Ma qui sta il paradosso. Se il metodo era quello della parola e del confronto, la reazione più estrema non è arrivata attraverso un contraddittorio più serrato, bensì attraverso la violenza fisica. Un giovane di ventidue anni, Tyler Robinson, ha scelto di interrompere quel dialogo con la forza delle armi, privando una famiglia del marito e del padre, e togliendo la vita a chi, nel bene o nel male, si era fatto portavoce di una comunità politica.

Ed è qui che nasce la domanda: chi è davvero il “fascista”? Da decenni, nel dibattito pubblico americano ed europeo, il termine viene usato come arma retorica contro gli avversari conservatori.
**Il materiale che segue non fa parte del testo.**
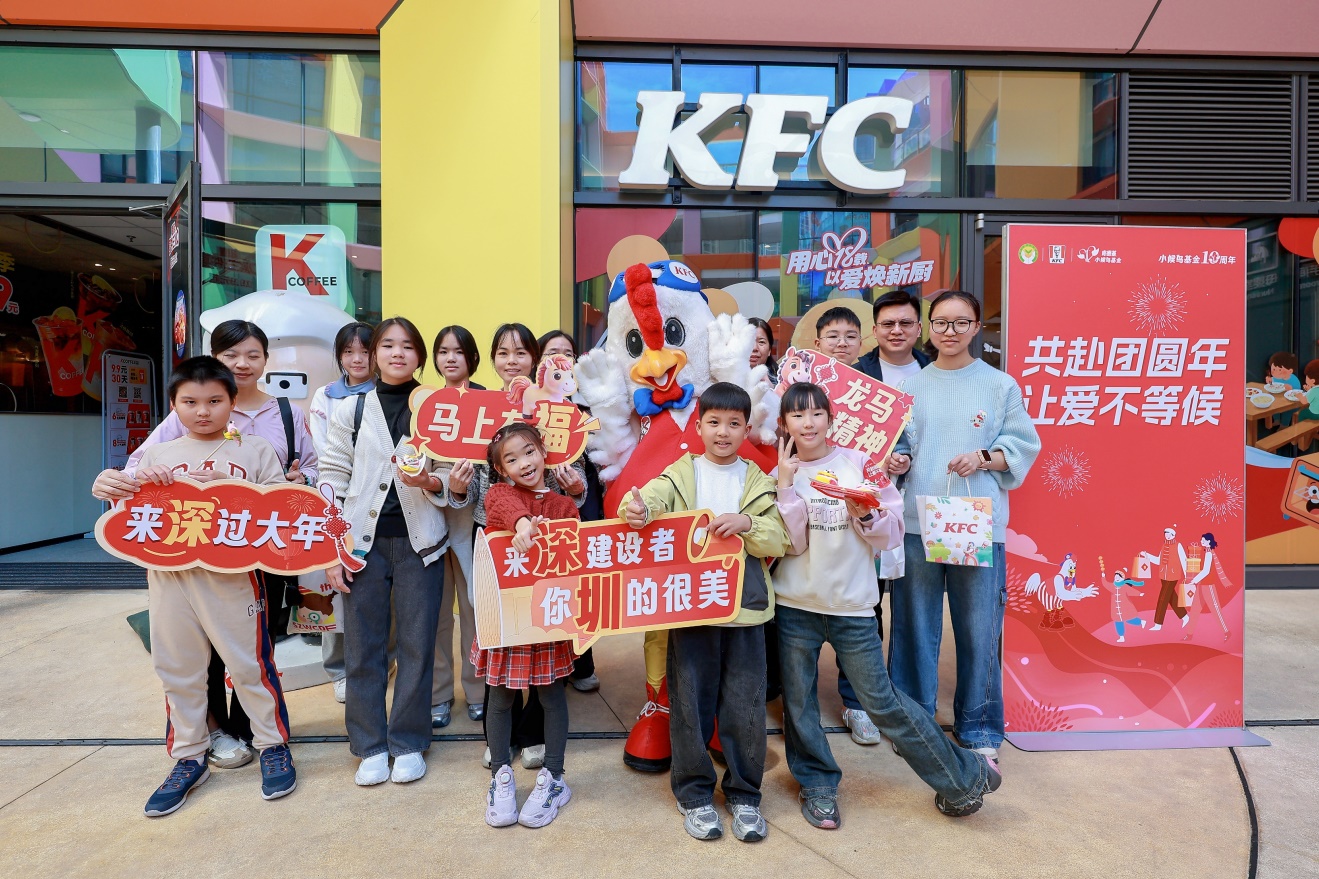 如图片无法显示，请刷新页面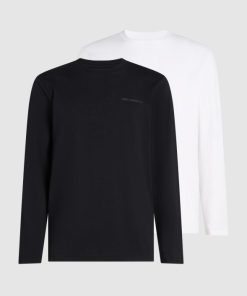 Moonrakermoda.shopa9a3e2515d 1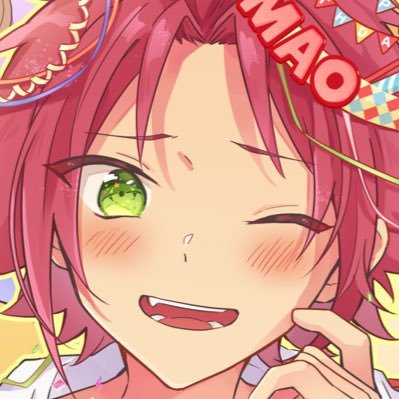あけもりさんのプロフィール画像
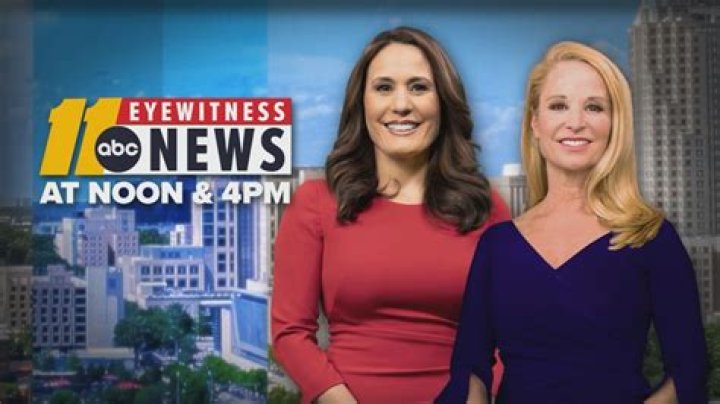 
Joe Mazur is leaving ABC11 WTVD, why? Channel Director Announces Atlanta Shift 
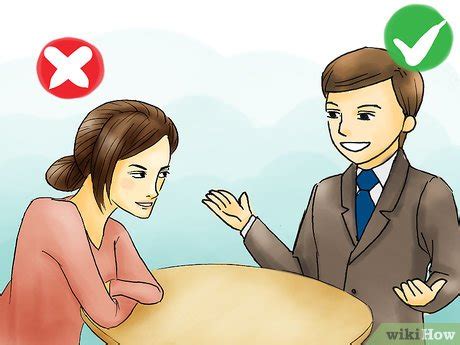 ways   convincing wikihow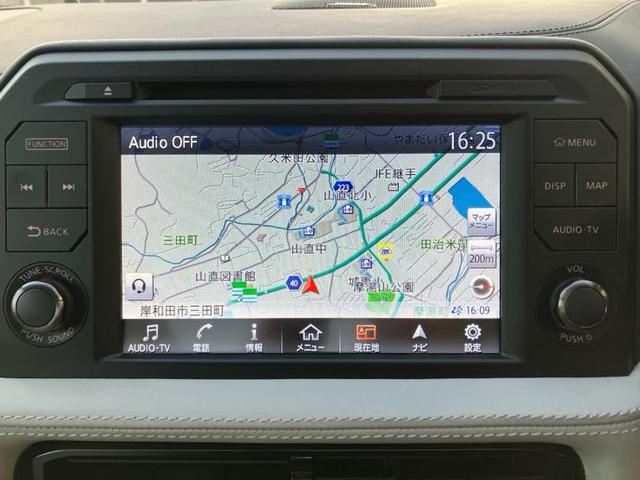 GT-R プレミアムエディション BOSEサウンド パドルシフト クルコン ETC ドラレコ バックカメラ 純正20インチホイール フルセグナビ(7枚目)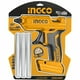 thumbnail image 3 of Pistola de Silicona Inalambrica20V Sin Batería Sin Cargador, 3 of 3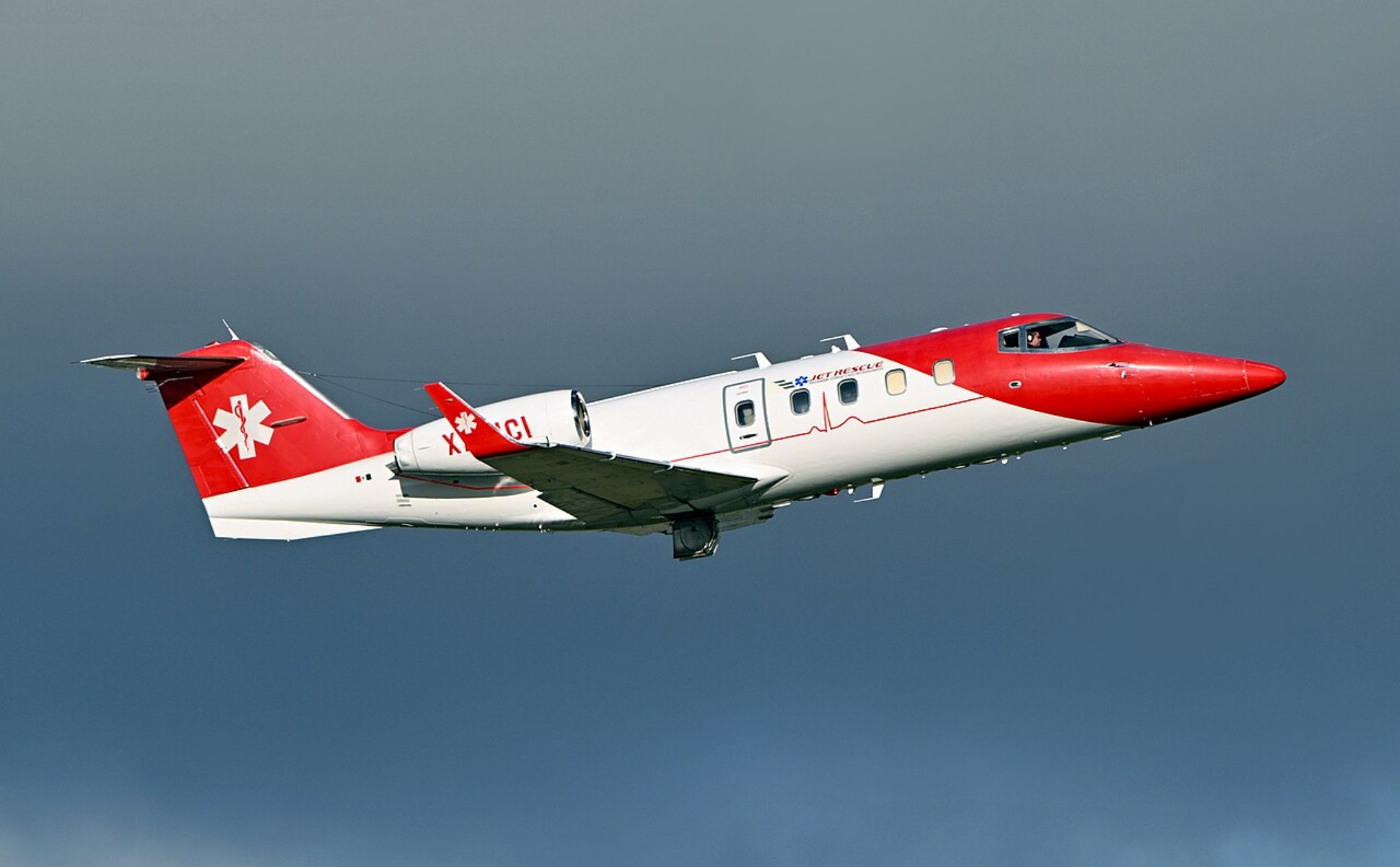 Philly Air Crash Learjet 55.jpg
Ma se prendiamo alla lettera i tratti che definiscono l’autoritarismo — intolleranza verso il dissenso, disprezzo del pluralismo, ricorso alla violenza per mettere a tacere chi la pensa diversamente — allora il quadro si complica. Non è forse proprio l’omicidio politico l’espressione massima di quella stessa mentalità che si vorrebbe combattere?

Non si tratta di assolvere un’ideologia né di negare che il fascismo storico sia stato un regime totalitario e violento. Si tratta piuttosto di interrogarsi sul perché, tra i tanti fantasmi del Novecento, si evochi con tanta frequenza proprio quello fascista, come se fosse un’etichetta buona per ogni uso. Ma a forza di ripetere che chiunque non si allinei sia un “fascista”, non si rischia forse di banalizzare il termine e, al tempo stesso, di giustificare reazioni sproporzionate e persino letali?

Il vero paradosso è questo: nel nome della lotta al fascismo, si finisce col riprodurre le stesse logiche che si dice di voler estirpare. Il silenzio imposto con la minaccia, la delegittimazione sistematica dell’avversario, l’idea che alcuni pensieri non debbano nemmeno avere diritto di parola. Così, chi nasce come “antifascista” rischia di diventare specchio del nemico che odia.

La morte di Kirk ci costringe a guardare in faccia questa contraddizione. Perché se il criterio per riconoscere un fascista è la sua incapacità di dialogare e la propensione alla violenza, allora la domanda da porre è “chi si comporta davvero da fascista?”.